Iceberg introduction

Apache Iceberg is a table format for huge analytics datasets that defines how metadata is stored and data files are organized. Iceberg is also a library that compute engines can use to read/write a table. Iceberg supports concurrent reads and writes on object stores, such as Ozone and on file systems, such as HDFS. HadoopFileIO is supported.

Supported engines and platforms

Querying Apache Iceberg from Apache Hive and Apache Impala is fully supported in Cloudera Data Warehouse (CDW) Private Cloud, deployed on CDP Private Cloud Base version 7.1.9. In this deployment, CDP integrates Iceberg with the following engines:
  • Apache Flink
  • Apache Hive
  • Apache NiFi
  • Apache Impala
  • Apache Spark 3
Querying Iceberg from Hive and Impala is a technical preview in CDW Private Cloud, deployed on CDP Private Cloud Base version 7.1.7 or 7.1.8. These versions of CDP Private Cloud Base and CDW Private Cloud are not fully interoperable with Iceberg. Iceberg when deployed on these versions is integrated with the following engines only:
  • Apache Hive
  • Apache Impala

Cloudera supports Iceberg on Red Hat OpenShift and Embedded Container Service (ECS) platforms in CDW on HDFS and Ozone.

Storage

The Hive metastore stores Iceberg metadata, including the location of the table.

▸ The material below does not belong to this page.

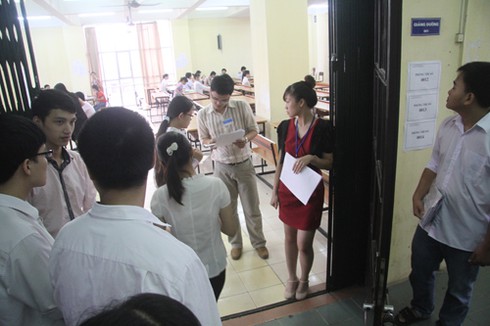 Đi thi từ 5h sáng, sĩ tử căng thẳng, phụ huynh âu lo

Hive metastore plays a lightweight role in the Catalog operations. Iceberg relieves Hive metastore (HMS) pressure by storing partition information in metadata files on the file system/object store instead of within the HMS. This architecture supports rapid scaling without performance hits.

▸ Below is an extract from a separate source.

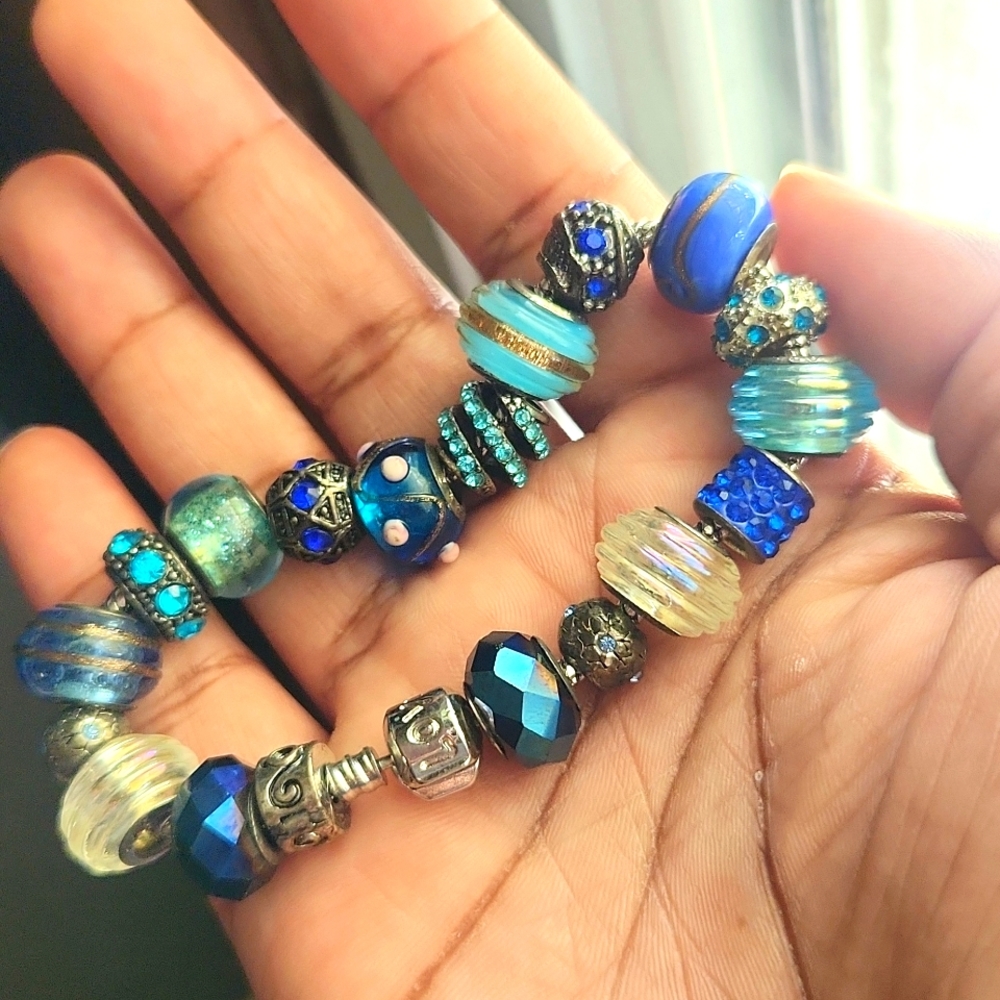 Multi color bracelet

By default, Hive and Impala use the Iceberg HiveCatalog. Cloudera recommends the default HiveCatalog to create an Iceberg table.

Key features overview

You can use Iceberg when a single table contains tens of petabytes of data, and you can read these tables without compromising performance. From Hive and Impala, you can read and write V1 or V2 Iceberg tables. The following features are included:
  • Iceberg V2 tables support reading row-level deletes or updates*, making Apache Iceberg ACID-compliant with serializable isolation and an optimistic concurrency model
  • Materialized views of Iceberg tables
  • Enhanced maintenance features, such as expiring and removing old snapshots
  • Performance and scalability enhancements
* The support for delete operations shown in this table is limited to position deletes. Equality deletes are not supported in these releases.

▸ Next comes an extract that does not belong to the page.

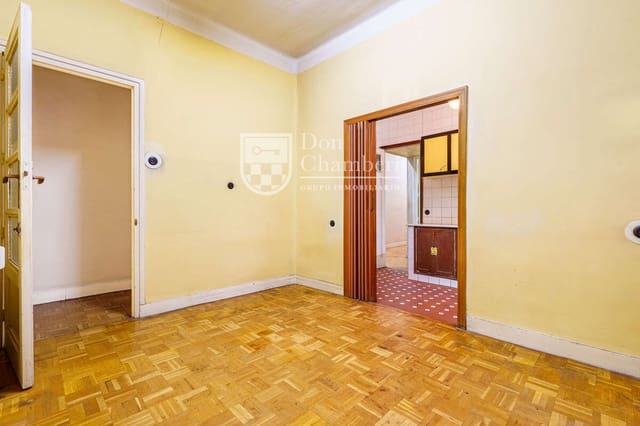 4 slaapkamer Flat te koop in Chamberí, Madrid stad - € 900.000 (Ref: 10101343)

For more information about Iceberg features in CDP, see the Iceberg Support Matrix.

Iceberg table security and visualization

Apache Iceberg integrates Apache Ranger for security. You can use Ranger integration with Hive and Impala to apply fine-grained access control to sensitive data in Iceberg tables. Iceberg is also integrated with Data Visualization for creating dashboards and other graphics of your Iceberg data.

Supported ACID transaction properties

Iceberg supports atomic and isolated database transaction properties. Writers work in isolation, not affecting the live table, and perform a metadata swap only when the write is complete, making the changes in one atomic commit.

Iceberg uses snapshots to guarantee isolated reads and writes. You see a consistent version of table data without locking the table. Readers always see a consistent version of the data without the need to lock the table. Writers work in isolation, not affecting the live table, and perform a metadata swap only when the write is complete, making the changes in one atomic commit.

Iceberg partitioning

The Iceberg partitioning technique has performance advantages over conventional partitioning, such as Apache Hive partitioning. Iceberg hidden partitioning is easier to use. Iceberg supports in-place partition evolution; to change a partition, you do not rewrite the entire table to add a new partition column, and queries do not need to be rewritten for the updated table. Iceberg continuously gathers data statistics, which supports additional optimizations, such as partition pruning.

Iceberg uses multiple layers of metadata files to find and prune data. Hive and Impala keep track of data at the folder level and not at the file level, performing file list operations when working with data in a table. Performance problems occur during the execution of multiple list operations. Iceberg keeps track of a complete list of files within a table using a persistent tree structure. Changes to an Iceberg table use an atomic object/file level commit to update the path to a new snapshot file. The snapshot points to the individual data files through manifest files.

The manifest files track data files across partitions, storing partition information and column metrics for each data file. A manifest list is an additional index for pruning entire manifests. File pruning increases efficiency.

Iceberg relieves Hive metastore (HMS) pressure by storing partition information in metadata files on the file system/object store instead of within the HMS. This architecture supports rapid scaling without performance hits.